The Northwest Passage is a legendary sea route through some of the harshest conditions on earth which captured the imagination of explorers over many centuries. Many ship and men were lost in attempting to find a navigable route between the Atlantic Ocean and the Pacific Ocean around the North of Canada: most famously the Franklin Expedition in the 1840’s, consisting of HMS Erebus and HMS Terror, which disappeared with 134 men.


The official list of transits of the Northwest Passage is kept by the Scott Polar Research Institute at Cambridge University. A transit of the Northwest Passage is defined as a trip through the waterway from Arctic Circle to Arctic Circle in either direction via any one of a number of routes through.


From the first transit by Norwegian, Roald Amundsen in 1906, until the end of 2022, only 351 transits have been recorded by around 240 ships under 260 skippers. Of these, only a handful have been achieved by women and only around 30 superyachts have made the trip. Captain Beadle is the first woman to captain a superyacht throughout the Passage and, it is believed, the first woman to captain a vessel through as a commercial master.

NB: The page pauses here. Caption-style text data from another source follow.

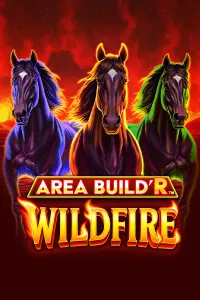 Area Build’R Wildfire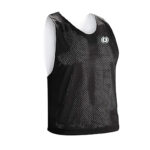 Pinnies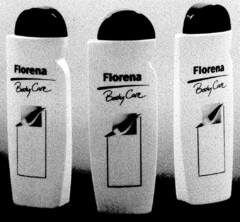 Florena Body Care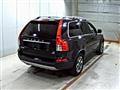 2011 Volvo XC90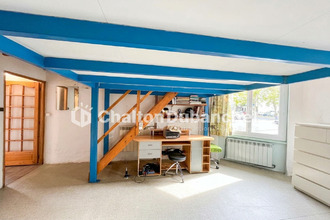  appartement feurs 42110
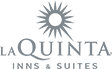 La Quinta Inns & Suites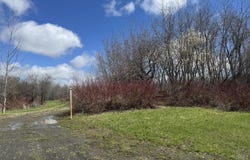 230 Campground Hill Road, Caribou, ME 04736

Born and brought up near Reading, England, Maiwenn Beadle studied fine art in Newcastle. Her life at sea began when following her studies in the early 1990’s, she took up the offer of a trip on a sailing yacht whilst travelling from California to New Zealand. From there she began working on yachts, rounding Cape Horn in her 20’s and sailing her own 18 foot converted lifeboat the length of the Caribbean islands single-handed. Gaining in experience she went from steward, to chef until eventually she gained her ticket as a Captain. As master of a 29m sailing yacht she made several Atlantic crossings and cruised in the Caribbean, the East Coast of America and the Mediterranean.

In 20** she made the switch from sail to power and began working for a small cruise ship company cruising the Inside Passage between Seattle and Alaska. This gave her a first experience of working in ice and was a valuable introduction to the wildlife of the North.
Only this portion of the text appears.